Retail media : qui en profite en dehors d'Amazon ?

Retail media : qui en profite en dehors d'Amazon ? Six grands acteurs captent la majorité des 20% qui échappent au géant américain.

L'e-retail media en France pèse 1,22 milliard d'euros en 2024, soit 11% du gâteau de la publicité digitale, selon les chiffres rassemblés au sein de l'Observatoire de l'ePub SRI, réalisé par Oliver Wyman, en partenariat avec l'Udecam. Certes. Mais qui en profite vraiment ? Amazon, bien sûr, et de loin, vu qu'il capte les trois quarts des budgets, toutes estimations et études confondues. Maïté Dailleau, partner chez Oliver Wyman, estime entre 75% et 80% la part des recettes du retail media en France captée par la plateforme.

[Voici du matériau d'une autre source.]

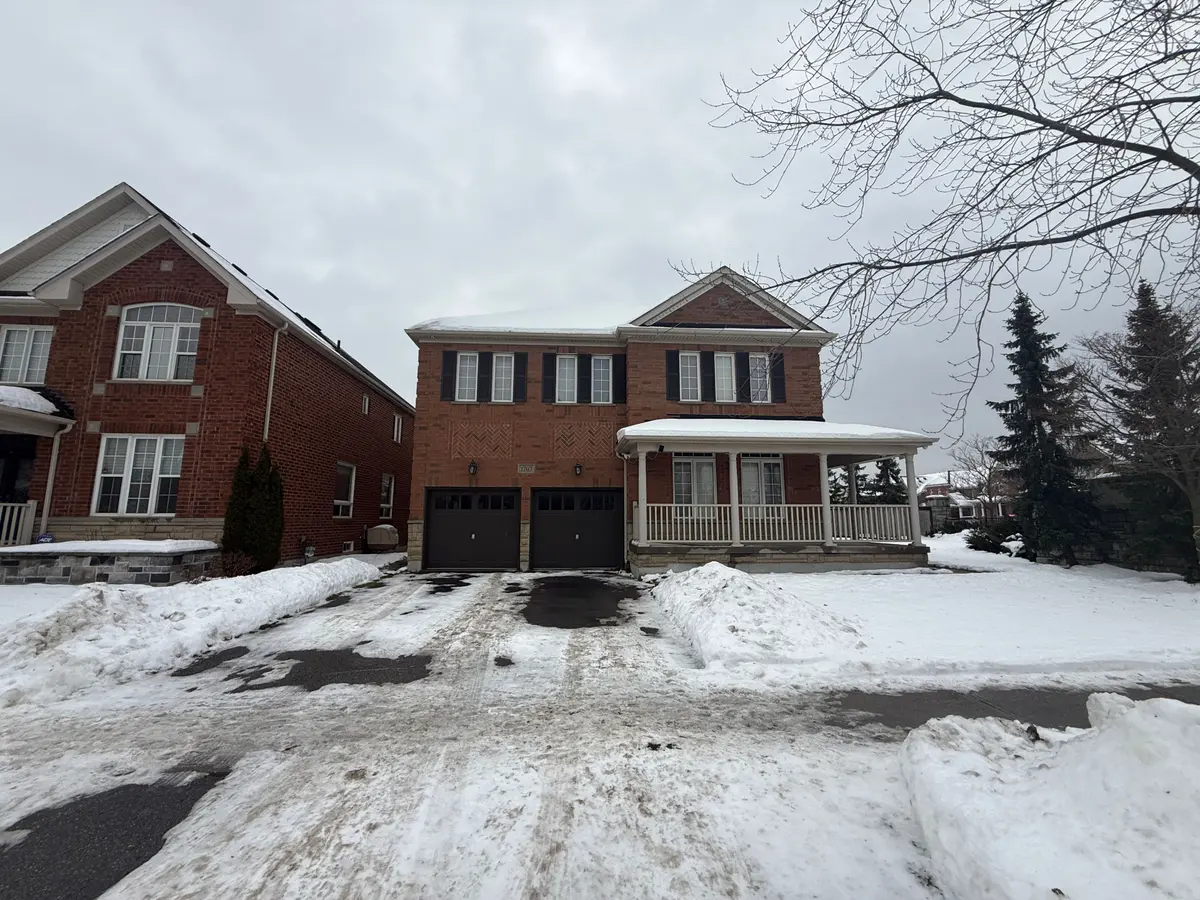 1707 Esterbrook DR, Oshawa, ON L1K 0J3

On peut alors se demander qui se partage les autres 20%, soit environ 244 millions d'euros en 2024. Pas grand monde finalement : en tout et pour tout une petite soixantaine d'acteurs, dont seulement six peuvent arborer des enveloppes un peu plus conséquentes. "Les 20% restants sont essentiellement partagés entre une petite dizaine d'acteurs", confie au JDN Maïté Dailleau, citant par ordre alphabétique les acteurs les plus significatifs : Carrefour, Cdiscount, E.Leclerc, Fnac Darty, la régie Infinity (groupes Intermarché et Casino) et Leboncoin.

Une concentration confirmée par Lawrence Taylor, CEO de Retail4Brands, expert en retail media. Selon ses calculs, Amazon arrive en tête avec 77% des budgets investis par les annonceurs en retail media digital onsite en France en 2024, suivi de Cdiscount, avec 6,3%. Les 16,7% restants sont quant à eux répartis entre 54 acteurs sachant que trois d'entre eux, tous issus de la grande distribution, concentreraient déjà à eux seuls près de 50% de ces budgets. Preuve que le business reste très concentré.

Impact du drive

En observant les outsiders d'Amazon, on peut se demander si le drive apporte un avantage pour percer dans le retail media. Et la réponse est : oui et non. Certes, un E. Leclerc peut être fier de ses 5,97 milliards d'euros de recettes réalisées dans le drive en 2024 en France, en hausse de 9% comparé à 2023, selon l'information dévoilée par Olivier Dauvers dans son blog. Mais ce marché reste encore très concentré et émergeant, E.Leclerc pesant d'après Statista 46% du marché, suivi de loin par Carrefour (13%), Intermarché (13%), U (10%), Auchan (9,5%) et Chronodrive (4%).

De plus, le fait de disposer d'une forte présence sur le drive ne suffit pas pour assurer au retailer des revenus médias conséquents car encore faut-il savoir développer son business média en déployant les technologies et les formats adéquats pour la monétisation de ces inventaires. "E.Leclerc a certes une forte présence sur le drive mais son offre de liens sponsorisés ne date que de l'automne dernier (l'annonce date du 6 novembre, ndlr). Or, on sait que les liens sponsorisés pèsent pour 73% du retail media. C'est le format plébiscité par les annonceurs", analyse Guilhem Bodin, partner chez Converteo.

Quid de la croissance ? "La quasi-intégralité de la croissance du retail media 2024 a été captée par Amazon auprès de petits annonceurs", confie au JDN Maïté Dailleau. "Certes, le poids d'Amazon fait qu'il qui capte la croissance en valeur absolue. Mais en pourcentage, d'autres retailers sont mieux disant", lance pour sa part Lawrence Taylor. "D'ici deux ou trois ans Amazon ne comptera plus pour 77% mais plutôt pour 66% du marché", prédit-il.

Un bémol cependant à toutes ces analyses est qu'il est difficile pour les experts de tracer les frontières du retail media, de faire avec précision la part des choses entre ce qui relève de l'achat média pur (comptabilisé en tant que tel sur le site du retailer et pour lequel l'annonceur attend un reporting précis) et ce qui relève davantage de deals noués dans le cadre de négociations commerciales entre les industriels et leurs distributeurs. De plus il faut se contenter des montants déclarés par les régies comme base de calcul de ces estimations.

Un dernier KPI à surveiller : le coup de frein du retail media en 2024, qui n'a évolué "que" de 14% contre +24% en 2023, quand il était le levier de publicité digitale à la plus forte croissance.